West Virginia Lawmaker Caught On Camera Singing N-Word In Lil Wayne Song

Hayley Miller
West Virginia Lawmaker Caught On Camera Singing N-Word In Lil Wayne Song
West Virginia Lawmaker Caught On Camera Singing N-Word In Lil Wayne Song

A West Virginia lawmaker can be seen singing a racial slur in a video obtained Wednesday by HuffPost.

In the video, West Virginia House Delegate Saira Blair (R) and a friend belt out explicit lyrics to Lil Wayne’s 2010 rap single “Gonorrhea,” which appear uncensored below.

The lyrics they sang along to are: “I call it how I see ya. I wish I never met ya. I wouldn’t wanna be ya. Pussy-ass nigga, I don’t want your gonorrhea. Pussy-ass nigga ―”

Blair confirmed the video’s authenticity in a statement to HuffPost and said it was filmed in the summer of 2015. Blair was elected to the West Virginia House of Delegates in November 2014.

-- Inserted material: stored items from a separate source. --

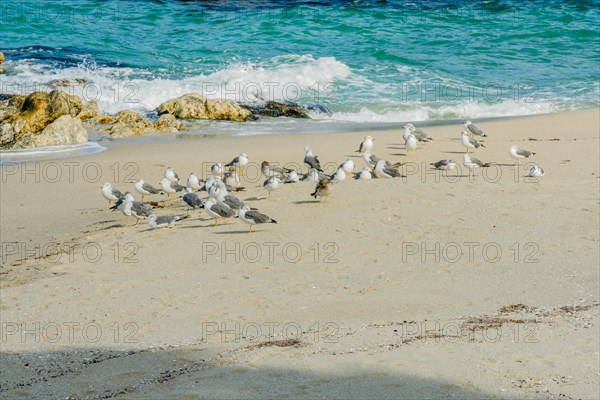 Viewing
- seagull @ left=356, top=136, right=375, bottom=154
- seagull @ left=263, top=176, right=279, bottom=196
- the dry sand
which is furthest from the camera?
seagull @ left=356, top=136, right=375, bottom=154

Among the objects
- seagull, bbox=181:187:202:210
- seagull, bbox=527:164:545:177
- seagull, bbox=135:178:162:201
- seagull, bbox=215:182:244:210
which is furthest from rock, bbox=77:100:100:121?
seagull, bbox=527:164:545:177

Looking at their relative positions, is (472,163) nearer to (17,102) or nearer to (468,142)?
(468,142)

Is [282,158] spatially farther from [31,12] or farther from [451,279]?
[31,12]

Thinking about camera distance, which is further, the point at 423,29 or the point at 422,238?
the point at 423,29

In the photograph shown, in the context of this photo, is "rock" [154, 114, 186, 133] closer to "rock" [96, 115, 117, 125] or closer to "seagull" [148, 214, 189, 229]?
"rock" [96, 115, 117, 125]

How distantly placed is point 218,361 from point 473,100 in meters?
18.1

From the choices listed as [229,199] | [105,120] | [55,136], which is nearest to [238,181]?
[229,199]

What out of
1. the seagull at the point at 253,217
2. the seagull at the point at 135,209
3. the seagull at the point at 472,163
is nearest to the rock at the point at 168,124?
the seagull at the point at 472,163

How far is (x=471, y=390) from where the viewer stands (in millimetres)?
6410

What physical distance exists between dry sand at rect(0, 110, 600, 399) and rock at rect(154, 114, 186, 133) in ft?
16.3

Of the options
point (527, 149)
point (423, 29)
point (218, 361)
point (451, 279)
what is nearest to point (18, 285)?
point (218, 361)

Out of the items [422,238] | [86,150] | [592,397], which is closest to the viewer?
[592,397]

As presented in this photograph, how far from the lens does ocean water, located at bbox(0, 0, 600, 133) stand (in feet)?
78.9

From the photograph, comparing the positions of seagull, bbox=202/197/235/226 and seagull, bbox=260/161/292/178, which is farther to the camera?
seagull, bbox=260/161/292/178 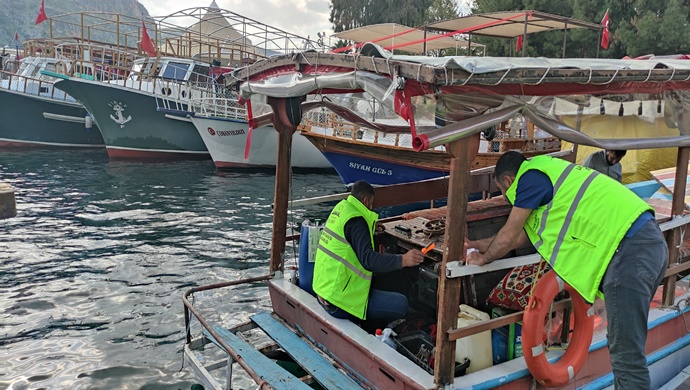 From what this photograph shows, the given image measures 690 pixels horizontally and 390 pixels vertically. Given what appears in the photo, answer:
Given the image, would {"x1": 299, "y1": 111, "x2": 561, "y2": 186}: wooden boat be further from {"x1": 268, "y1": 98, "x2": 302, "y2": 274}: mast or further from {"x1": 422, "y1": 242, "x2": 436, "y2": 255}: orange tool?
{"x1": 422, "y1": 242, "x2": 436, "y2": 255}: orange tool

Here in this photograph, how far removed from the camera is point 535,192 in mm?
3359

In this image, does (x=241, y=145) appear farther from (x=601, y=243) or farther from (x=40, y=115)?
(x=601, y=243)

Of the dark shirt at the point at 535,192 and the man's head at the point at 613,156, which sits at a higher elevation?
the man's head at the point at 613,156

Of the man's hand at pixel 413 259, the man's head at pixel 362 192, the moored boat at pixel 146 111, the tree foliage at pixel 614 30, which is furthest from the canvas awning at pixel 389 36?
the man's hand at pixel 413 259

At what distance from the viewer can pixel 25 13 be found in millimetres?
152875

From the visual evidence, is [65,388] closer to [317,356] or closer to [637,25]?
[317,356]

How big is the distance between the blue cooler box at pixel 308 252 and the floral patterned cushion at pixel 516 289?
→ 1.64 m

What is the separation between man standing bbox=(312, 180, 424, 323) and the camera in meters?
4.14

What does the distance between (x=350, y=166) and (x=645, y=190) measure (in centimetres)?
906

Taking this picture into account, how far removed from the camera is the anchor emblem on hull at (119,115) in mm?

“This video was taken in the summer of 2015 and shows my roommate and I singing along to a Lil’ Wayne song, which is clearly heard playing in the background,” Blair said. “I do not condone the use of racial epithets, and if taken in context, it is clear that singing the lyrics was not meant to offend anyone.”

The video was originally posted to the roommate’s Snapchat, a source close to the matter told HuffPost. While Blair defended her use of the slur as simply “singing the lyrics,” black activists have repeatedly rejected that argument. During an event in November at a high school in Illinois, author Ta-Nehisi Coates explained why non-black people shouldn’t use that epithet while quoting rap lyrics. 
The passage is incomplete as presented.